A candidatura de Trump começou por ser uma piada. Alimentada pela comunicação social, como tipicamente acontece neste tipo de situações, começou por ser um fenómeno interessante de seguir. Permitiu que a campanha das primárias saísse da normalidade em que tipicamente ocorre. Trump brindou os americanos com declarações insólitas, imprevisíveis, totalmente fora da caixa e politicamente incorrectas. Disparou em todas as direcções e conseguiu acumular manchetes nos jornais e notícias de abertura nas televisões de todo o mundo. Fez também a delícia dos comediantes, fornecendo todos os dias matéria-prima interessante para ser trabalhada.
Mas, como tipicamente acontece com estes fenómenos, o que começou por ser uma piada começou aos poucos a ganhar contornos bastante mais assustadores. Trump deixou de ser simplesmente o candidato que dava cor e animação à campanha republicana, para aos poucos ser assumido como o favorito na maioria dos Estados americanos. A piada tornou-se bastante real, ao ponto de hoje ser quase certo que um dos candidatos à presidência da ainda única superpotência mundial será um perigoso populista. Alguém com perigosas visões sobre o papel dos Estados Unidos no mundo, com ideias muito limitadas e obtusas sobre o ideal americano de liberdade e igualdade.
Uma das melhores formas de avaliar um político passa por analisar o tipo de sentimentos que desperta nas pessoas. Ou seja, a que tipo de valores apela? Que tipo de relacionamento com o outro advoga? Como encara a diferença? Que tipo de papel atribui-se no futuro do país? Vista deste prisma, a qualificação da candidatura de Trump não deixa margens para dúvidas. O milionário americano assenta o seu discurso político no medo e até no ódio. Medo da diferença, medo dos outros. Apela aos sentimentos mais básicos do eleitorado americano, atribuindo-se o papel messiânico de “tornar a América grande outra vez”.
Como sempre acontece nestas alturas, importa voltar a lembrar porque surgem subitamente este tipo figuras populistas no espectro democrático. Porque encontram um terreno tão fértil? Onde assenta a sua base de apoio? Na verdade, o seu discurso anti-sistema, disparando contra tudo e contra todos, denunciando a corrupção e o distanciamento dos políticos, consegue sempre colher grandes simpatias junto de um eleitorado tipicamente alienado. Por outro lado, a sua capacidade de falar uma linguagem popular simples, sem relativismos, assim como a sua disponibilidade para falar sem filtros, expressando sem rodeios os medos e raivas populares, fazem com que a sua candidatura rapidamente comece a colher simpatias.
O populismo é provavelmente um dos perigos mais antigos dos sistemas democráticos. Basta recordar que os pensadores da Grécia clássica já alertavam para o referido fenómeno há mais de 2500 anos.
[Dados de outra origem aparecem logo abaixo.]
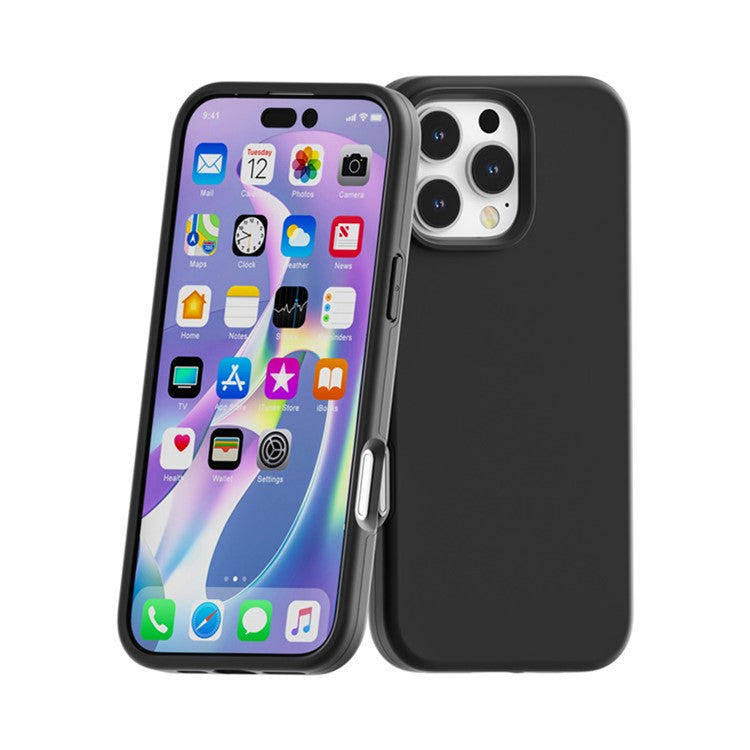 For iPhone 16 Pro Case TPU + PC Matte Translucent Phone Back Cover - Black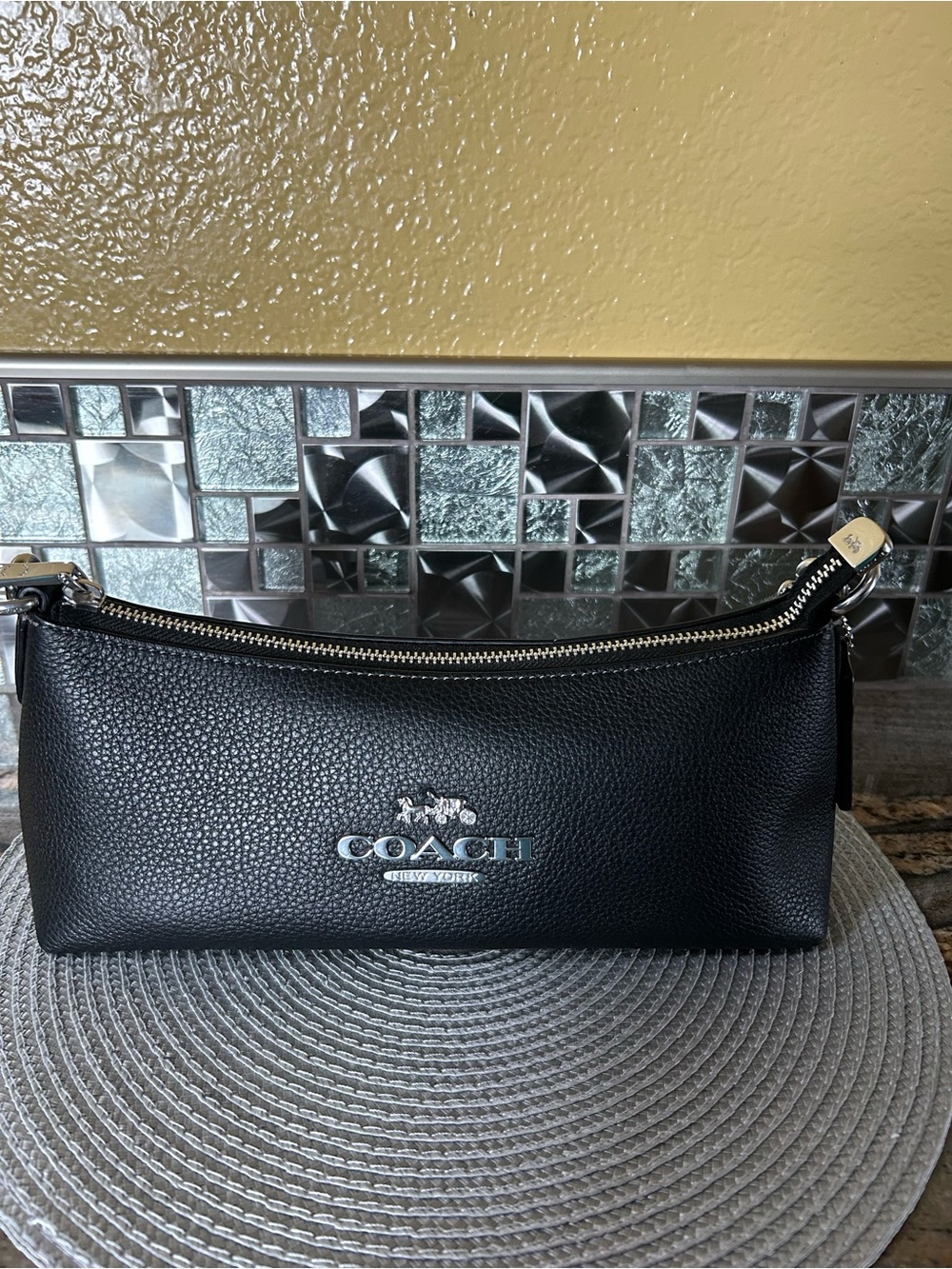 Coach Cross Body Zip Pouch with Silver Logo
No entanto, apesar da sua antiguidade, os últimos anos têm sido férteis no surgimento deste tipo de fenómenos (basta lembrar Marine Le Pen ou Beppe Grillo). Não existem soluções fáceis para combater este tipo de fenómeno, uma vez que são o reflexo de uma série de debilidades da democracia. De qualquer modo, para além de atacar os problemas estruturais na base do seu surgimento, se calhar podemos começar por estar mais atentos ao seu surgimento e condená-los logo à partida, buzinando em vez de até lhes achar graça numa fase inicial.
PS: Vale a pena visitar o site www.trumpdonald.com e buzinar aos ouvidos do milionário americano.